# Lee Auto Prime



## kev74 (Mar 22, 2008)

Does anyone have a hint or two for setting up / running the Lee primer set-up on the Pro 1000 press? If I go too quick, I tend to get a flipped primer in the feed ramp. And when there are just a few primers left in the tray, it just about stops working all together.

From what I have read, this seems to be the weak part of the system. I just want to make sure I'm not missing something before I do something drastic. 

Any comments or words of encouragement are appreciated. :watching:


----------



## TOF (Sep 7, 2006)

1. Never let the primer stack go more than 3/4 inch below the input tray. Weight of the stack of primers is required to push them into position. Refill as soon as you can see the top primer come in to view below the input tray.

2 Keep the primer input zone clean. Occasional squirt of canned air will remove small debri elements from the area. 

I prime in a seperate pass from powder and bullet insertion. any powder that falls into the primer track will cause problems.

I actualy load in three passes.

1. Remove old primers then clean in Cob or Shell tumbler
2. Prime clean cases
3. Load powder and bullet

Stage 1 and 2 use the primer punch and sizing die. The punch will remove old primer (1) and Cob or Shell stuck in the primer hole (2).

The three passes will still allow you to load several hundred cartridges per hour. Punching primers out or in you can cycle approx 100 cases in 3 to 4 minutes. loading the input tubes is significantly faster if you have purchased the red plastic "Collator".

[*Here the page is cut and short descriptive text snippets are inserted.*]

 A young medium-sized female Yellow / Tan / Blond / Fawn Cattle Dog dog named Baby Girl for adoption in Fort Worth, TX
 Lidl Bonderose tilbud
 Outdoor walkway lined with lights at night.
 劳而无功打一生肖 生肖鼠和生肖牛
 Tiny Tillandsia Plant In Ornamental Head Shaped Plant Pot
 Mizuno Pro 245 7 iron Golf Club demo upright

Cleaning cases after primer removal will improve reliability of cartridges to fire on first hit.

I cut the outer wall of the output chute away starting about 1 " back from its front to improve flow of empty cases into the box I catch them in. 

Try to develop a rhythm when cycling the lever. I move moderately fast through the up stroke and push a little bit harder when I feel the primer. Don't hit the end of stroke hard as it is possible to set a primer off, or so I have been told. I haven't set one off in around 20,000 or so primers.

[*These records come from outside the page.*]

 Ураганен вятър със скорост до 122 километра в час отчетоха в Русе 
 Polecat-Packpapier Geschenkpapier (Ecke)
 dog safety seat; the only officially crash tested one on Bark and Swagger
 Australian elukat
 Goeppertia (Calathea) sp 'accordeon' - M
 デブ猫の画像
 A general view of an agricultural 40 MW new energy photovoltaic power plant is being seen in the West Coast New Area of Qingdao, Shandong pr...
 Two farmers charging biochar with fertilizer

I hope this helps. I know you will get the hang of it pretty quick.

PS: I forgot to ask, what caliber are you starting with?


----------



## Redwolf (Nov 29, 2008)

I hand prime mine prior to loading powder and bullets


----------



## The_Vigilante (Aug 29, 2008)

I deprime and prime separately from my Loadmaster using a Lee Single Stage Classic Press and Lee Safety prime to avoid any priming problems on the Loadmaster. May take longer and defeat the purpose of the Loadmaster but I have the time but don't have the time or patience to fiddle with the Loadmaster Priming system. YMMV


----------



## kev74 (Mar 22, 2008)

TOF said:


> I hope this helps. I know you will get the hang of it pretty quick.
> 
> PS: I forgot to ask, what caliber are you starting with?


Thanks for the help. I started with 9mm and soon hope to start on .380 when I get the hang of things.

Out of my first couple of tries, I got about 60 good cartridges, about 20 with the primers not fully seated and a bunch of missing primers.

When I got the hang of feeling the primer seat, things went a lot smoother. But I started getting some primer feed issues when there were about 10 primers left in the tray (the feed tube still full). I have the hose for my air compressor stationed right next to my loading bench and have gotten into the habit of giving the primer area a little blast every so often.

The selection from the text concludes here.